Sie sind trutzig, trostlos und erinnern an den Zweiten Weltkrieg. Einige Architekturbüros haben sich in den letzten Jahren auf eine Umnutzung von Schutzbunkern spezialisiert. So werden aus ehemals düsteren Bauten begehrte Vorzeigeobjekte.

Bodentiefe Fenster, durch die viel Licht auf Echtholzparkett fällt. Im Schlafzimmer begehbare Kleiderschränke, im Wohnzimmer ein Kamin und genug Platz für meterlange Tische. Über der freistehenden Wanne im Badezimmer öffnet sich durch das Oberlicht der blaue Himmel. Nichts erinnert mehr daran, dass hier einst Menschen Schutz vor Bombenangriffen suchten. Seit gut zehn Jahren dürfen Luftschutzbunker als Wohnhäuser, Restaurants oder Galerien umgenutzt werden und haben sich seither zu angesagten Immobilien entwickelt.

Mehr als 700 Hochbunker aus dem Zweiten Weltkrieg stehen noch in deutschen Städten.

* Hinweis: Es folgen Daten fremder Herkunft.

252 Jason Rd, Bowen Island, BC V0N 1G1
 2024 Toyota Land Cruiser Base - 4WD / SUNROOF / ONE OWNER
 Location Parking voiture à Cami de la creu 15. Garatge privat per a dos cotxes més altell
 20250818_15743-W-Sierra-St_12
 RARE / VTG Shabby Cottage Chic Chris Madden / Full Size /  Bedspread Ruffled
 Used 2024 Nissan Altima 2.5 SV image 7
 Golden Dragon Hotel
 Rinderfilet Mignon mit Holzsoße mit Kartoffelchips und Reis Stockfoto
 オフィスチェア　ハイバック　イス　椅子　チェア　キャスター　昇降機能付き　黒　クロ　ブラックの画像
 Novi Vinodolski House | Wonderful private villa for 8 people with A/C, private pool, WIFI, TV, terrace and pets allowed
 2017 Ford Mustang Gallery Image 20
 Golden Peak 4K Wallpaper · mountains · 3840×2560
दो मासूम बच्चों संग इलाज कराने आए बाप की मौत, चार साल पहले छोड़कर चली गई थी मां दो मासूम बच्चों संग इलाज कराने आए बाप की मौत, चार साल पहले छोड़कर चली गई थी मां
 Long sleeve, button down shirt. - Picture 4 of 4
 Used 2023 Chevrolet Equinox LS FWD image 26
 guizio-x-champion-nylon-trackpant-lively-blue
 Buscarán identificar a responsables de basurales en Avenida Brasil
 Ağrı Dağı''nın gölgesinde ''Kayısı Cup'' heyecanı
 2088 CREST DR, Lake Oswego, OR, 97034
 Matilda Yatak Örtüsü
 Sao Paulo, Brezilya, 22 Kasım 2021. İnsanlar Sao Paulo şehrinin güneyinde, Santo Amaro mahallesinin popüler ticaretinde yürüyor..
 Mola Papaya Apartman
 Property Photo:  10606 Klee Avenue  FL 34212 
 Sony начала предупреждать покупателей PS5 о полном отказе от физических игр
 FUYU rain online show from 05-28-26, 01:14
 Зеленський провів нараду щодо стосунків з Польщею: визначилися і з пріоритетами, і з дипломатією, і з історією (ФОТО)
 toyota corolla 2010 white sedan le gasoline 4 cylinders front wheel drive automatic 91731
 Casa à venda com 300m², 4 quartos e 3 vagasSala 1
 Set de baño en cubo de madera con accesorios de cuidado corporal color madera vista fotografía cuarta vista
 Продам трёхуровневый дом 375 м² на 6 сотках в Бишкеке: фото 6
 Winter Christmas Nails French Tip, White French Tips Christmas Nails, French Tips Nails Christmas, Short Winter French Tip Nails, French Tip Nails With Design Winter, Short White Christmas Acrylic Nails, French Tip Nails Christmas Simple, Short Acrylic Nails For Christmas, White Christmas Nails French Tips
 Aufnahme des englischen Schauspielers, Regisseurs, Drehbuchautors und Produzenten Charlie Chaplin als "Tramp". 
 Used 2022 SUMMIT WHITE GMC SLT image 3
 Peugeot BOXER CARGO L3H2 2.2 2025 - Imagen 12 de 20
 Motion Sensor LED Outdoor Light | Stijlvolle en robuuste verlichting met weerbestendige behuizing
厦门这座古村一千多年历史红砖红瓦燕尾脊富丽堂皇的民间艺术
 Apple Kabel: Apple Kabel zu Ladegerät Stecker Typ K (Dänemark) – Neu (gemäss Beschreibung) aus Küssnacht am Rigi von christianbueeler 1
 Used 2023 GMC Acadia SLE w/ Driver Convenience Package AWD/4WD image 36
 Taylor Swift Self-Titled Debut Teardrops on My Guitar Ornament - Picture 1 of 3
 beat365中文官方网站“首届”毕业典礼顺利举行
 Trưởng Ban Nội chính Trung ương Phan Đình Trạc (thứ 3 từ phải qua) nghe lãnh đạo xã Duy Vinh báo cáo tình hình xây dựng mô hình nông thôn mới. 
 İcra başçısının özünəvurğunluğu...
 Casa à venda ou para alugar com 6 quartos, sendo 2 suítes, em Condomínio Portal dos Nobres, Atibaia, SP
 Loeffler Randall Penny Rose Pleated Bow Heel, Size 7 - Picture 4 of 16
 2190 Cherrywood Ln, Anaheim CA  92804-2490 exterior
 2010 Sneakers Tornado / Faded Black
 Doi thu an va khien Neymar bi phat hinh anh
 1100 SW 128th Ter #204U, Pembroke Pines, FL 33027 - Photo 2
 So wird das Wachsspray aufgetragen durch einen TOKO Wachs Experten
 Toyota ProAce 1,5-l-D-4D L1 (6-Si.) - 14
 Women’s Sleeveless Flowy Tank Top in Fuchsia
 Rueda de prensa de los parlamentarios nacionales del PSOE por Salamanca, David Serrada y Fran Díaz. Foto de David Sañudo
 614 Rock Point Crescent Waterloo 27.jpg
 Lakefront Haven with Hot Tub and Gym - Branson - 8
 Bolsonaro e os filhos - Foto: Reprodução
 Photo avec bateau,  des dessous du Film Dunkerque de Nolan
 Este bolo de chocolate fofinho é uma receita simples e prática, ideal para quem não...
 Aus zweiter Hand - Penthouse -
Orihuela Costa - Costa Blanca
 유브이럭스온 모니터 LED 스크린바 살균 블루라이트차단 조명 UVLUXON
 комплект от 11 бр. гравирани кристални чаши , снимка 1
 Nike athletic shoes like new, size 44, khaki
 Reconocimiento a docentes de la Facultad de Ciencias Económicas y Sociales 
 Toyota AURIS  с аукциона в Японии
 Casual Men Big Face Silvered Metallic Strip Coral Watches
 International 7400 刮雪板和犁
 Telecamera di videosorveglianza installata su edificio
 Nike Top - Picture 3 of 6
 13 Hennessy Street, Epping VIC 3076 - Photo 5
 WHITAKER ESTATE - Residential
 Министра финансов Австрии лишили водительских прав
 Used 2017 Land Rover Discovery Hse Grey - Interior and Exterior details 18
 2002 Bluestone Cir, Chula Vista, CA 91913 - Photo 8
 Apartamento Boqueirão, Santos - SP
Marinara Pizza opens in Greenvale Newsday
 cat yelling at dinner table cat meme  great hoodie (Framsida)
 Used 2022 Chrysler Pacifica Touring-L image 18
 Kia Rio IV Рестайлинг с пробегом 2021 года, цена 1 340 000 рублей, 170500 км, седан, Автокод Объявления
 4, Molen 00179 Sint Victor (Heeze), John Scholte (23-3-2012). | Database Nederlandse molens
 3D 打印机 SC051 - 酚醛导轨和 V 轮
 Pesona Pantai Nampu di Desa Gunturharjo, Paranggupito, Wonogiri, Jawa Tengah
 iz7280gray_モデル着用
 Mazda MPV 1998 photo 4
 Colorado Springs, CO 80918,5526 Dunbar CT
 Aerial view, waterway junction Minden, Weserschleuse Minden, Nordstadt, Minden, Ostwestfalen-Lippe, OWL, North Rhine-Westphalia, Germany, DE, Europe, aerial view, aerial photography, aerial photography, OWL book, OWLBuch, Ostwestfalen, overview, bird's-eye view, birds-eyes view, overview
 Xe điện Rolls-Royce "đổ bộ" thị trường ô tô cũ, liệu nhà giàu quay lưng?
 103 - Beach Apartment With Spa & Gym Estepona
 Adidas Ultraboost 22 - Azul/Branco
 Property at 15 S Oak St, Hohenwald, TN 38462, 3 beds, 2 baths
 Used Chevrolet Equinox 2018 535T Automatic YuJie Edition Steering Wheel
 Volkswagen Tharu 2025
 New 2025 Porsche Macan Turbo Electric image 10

Die massiven Gemäuer dienten einst der Zivilbevölkerung als Schutzräume. Noch bis nach der Jahrtausendwende standen die Gebäude unter Zivilschutzbindung und waren somit für den Katastrophenfall vorgesehen. Erst im Jahr 2007 hat die zuständige Bundesanstalt für Immobilienaufgaben einen Großteil der Schutzanlagen zum Verkauf freigegeben.

Damals schlug die Stunde der Bremer Architekten Rainer Mielke und Claus Freudenberg. Rainer Mielke hatte zuvor schon einen Bunker in Bremen-Schwachhausen zu einem Wohnhaus umgebaut. Auf der Suche nach einem Haus für sich und seine Frau war ihm der Betonklotz ins Auge gefallen: Es reizte ihn, aus diesem grauen Monolithen ein lebenswertes und ästhetisch reizvolles Domizil zu schaffen. Doch zunächst durfte Mielke lediglich ein Penthouse auf den bestehenden Bau setzen und im Bunker eine Galerie betreiben. Erst mit dem Wegfall der Zivilschutzbindung konnte er den Bunker selbst zu Wohnungen ausbauen.

Vom Betonblock zum Loftgebäude

Seither hat Mielke zusammen mit seinem Partner Claus Freudenberg Pionierarbeit geleistet. Neun Bunker haben sie inzwischen komplett renoviert, fünfzehn weitere sind projektiert.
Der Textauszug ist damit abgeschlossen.